The past practices in El Paso that you also discuss in your April 21st article were absolutely wrong.  Defendants were being jailed without regard to the limitations set out in Article 45.046(a).  But OCA is not encouraging this practice.  In fact, OCA is discouraging the practice.  Here, Judge Bull takes a statement from OCA about the limitations on jailing defendants and somehow twists it into an encouragement by OCA that courts jail people who don’t pay.  This is not at all what OCA is suggesting.

I just hate to see OCA and its Collections Improvement Program dumped on.  OCA is not the problem.  The Collection Improvement Program is not the problem.  The problem is that the current statutes do not allow for the waiver of court costs up front.  The problem is also that the current statutes do not allow a judge to order that a person perform community service in lieu of paying fines and court costs up front.  The problem is also that some courts were improperly jailing people.  Again, this improper jailing is not something that OCA and the CIP are advocating – at all.  To the extent that Judge Bull suggests otherwise, I part ways with him.

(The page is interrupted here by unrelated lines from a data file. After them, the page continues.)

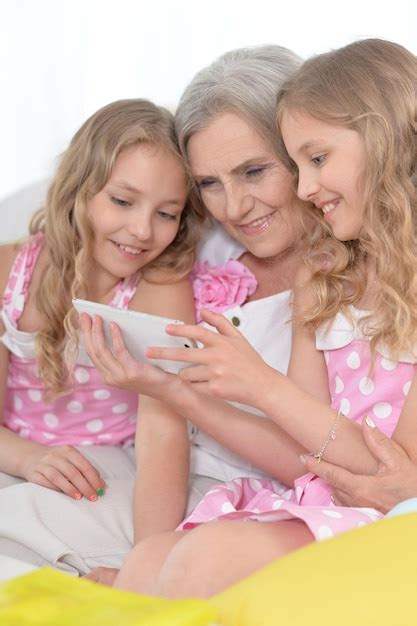 Premium Photo Granny With Granddaughters Using Smartphone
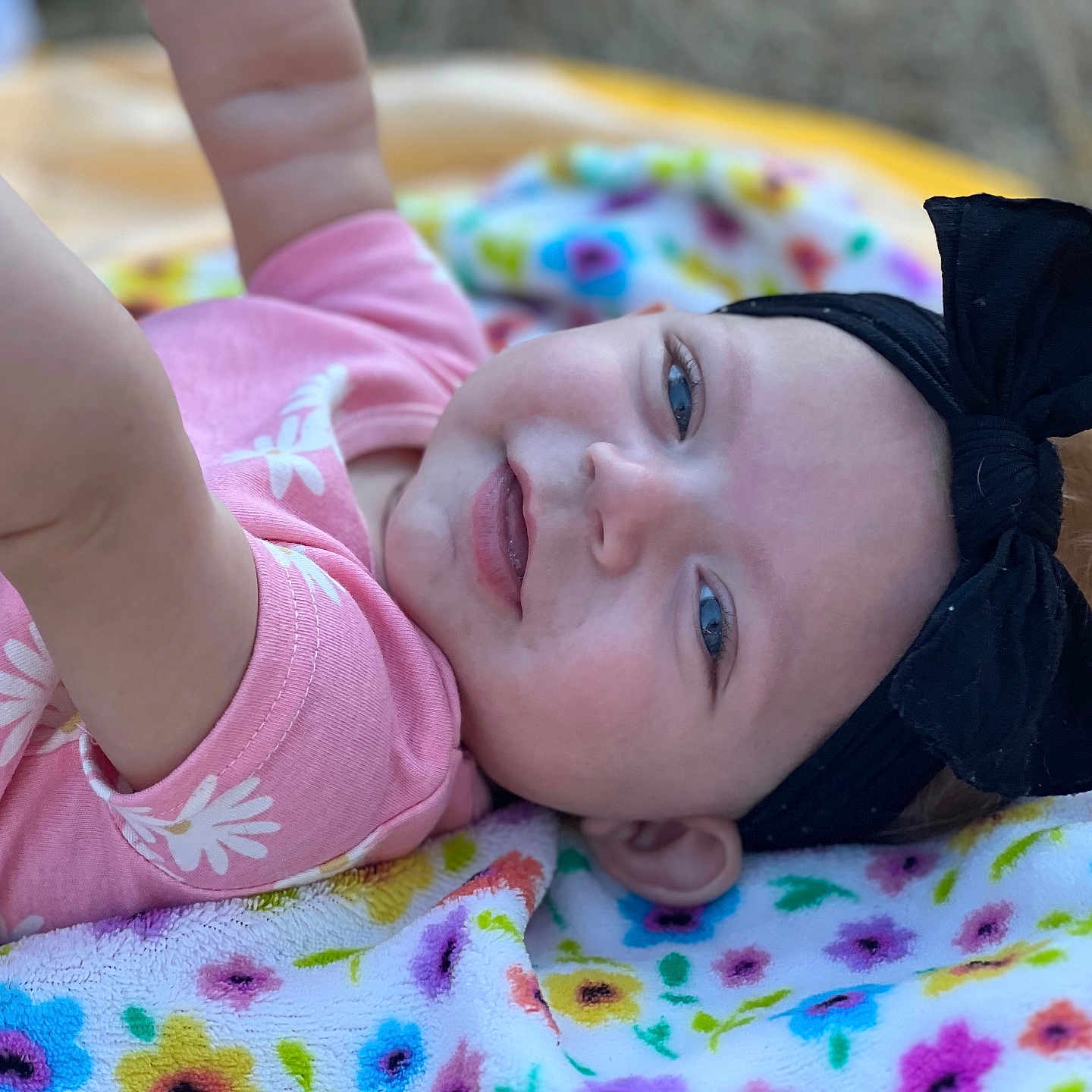 Xzanna joined the competition — help win amazing prizes! baby, black_headband, blanket, blue_eyes, bow, child, colorful, cute, face, floral_pattern, happy, head, infant, lying_down, outdoor, pink_clothing, playful, portrait, skin, smile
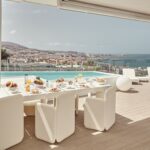 Baobab Suites BB Lounge Club dining table overlooking the pool and Costa Adeje coast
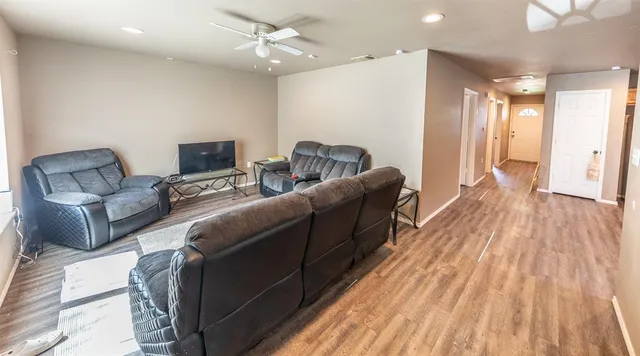 a living room with furniture and a wooden floor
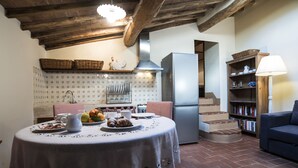 A cozy kitchen with a dining table set for two, a refrigerator, and a bookshelf. - Small Apartment With Independent Access  In Beautiful Tuscan Farmhouse (Castelnuovo Berardenga)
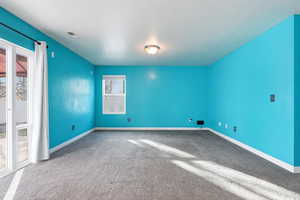 Carpeted empty room with baseboards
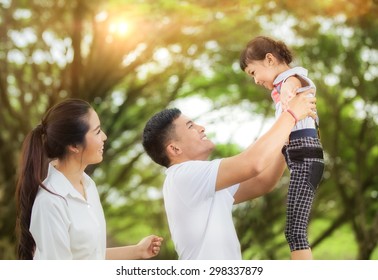 Happy Asian Young Family Spending Time Outdoor On A Summer Day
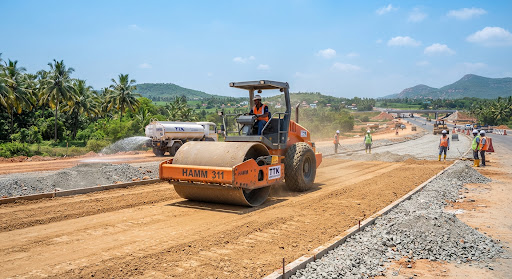 Single-drum soil compactor consolidating a subbase layer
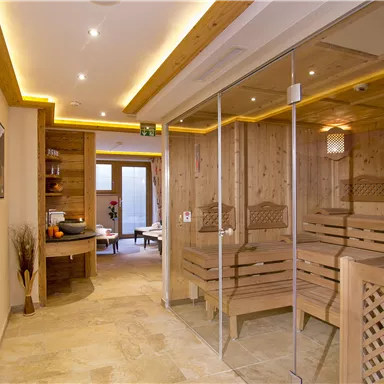A modern sauna area made of wood with soft lighting. The space is designed in a minimalist and inviting way, featuring large glass walls and a cozy atmosphere.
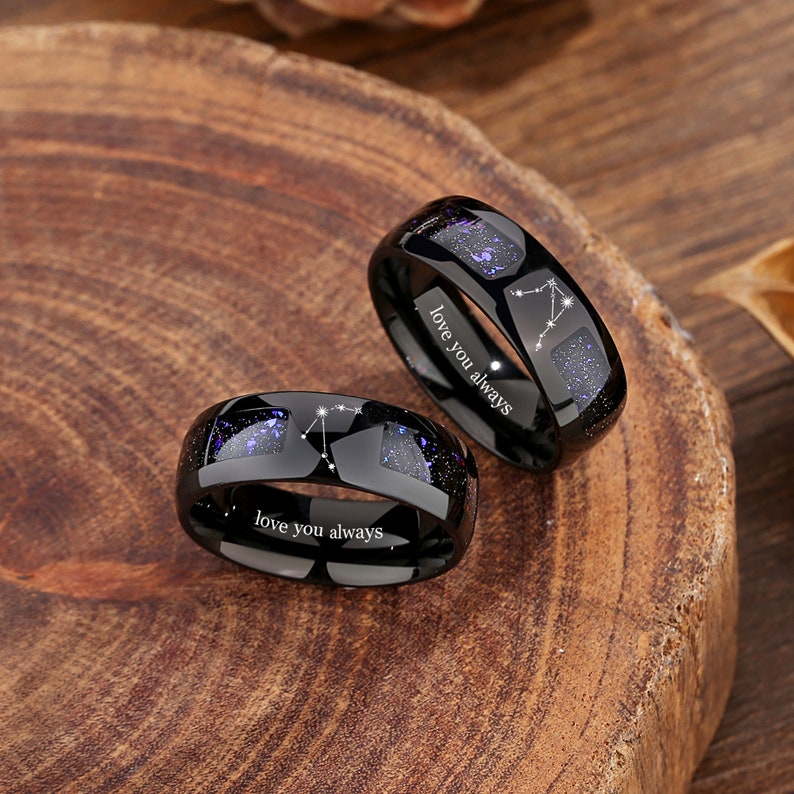 May include: Two black tungsten carbide rings with a constellation design and the inscription "love you always".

But my final word is this – although I disagree with parts of Judge Bull’s letter, he is a fine man and an excellent judge.  I look forward to working with him and others on the rules advisory committee.

Ted Wood
Assistant Public Defender
Harris County Public Defender’s Office

5 comments:

  1. Those lawyers have turned the virtuous Lady Justice from a fact and truth seeker into a prostitute with a tip jar.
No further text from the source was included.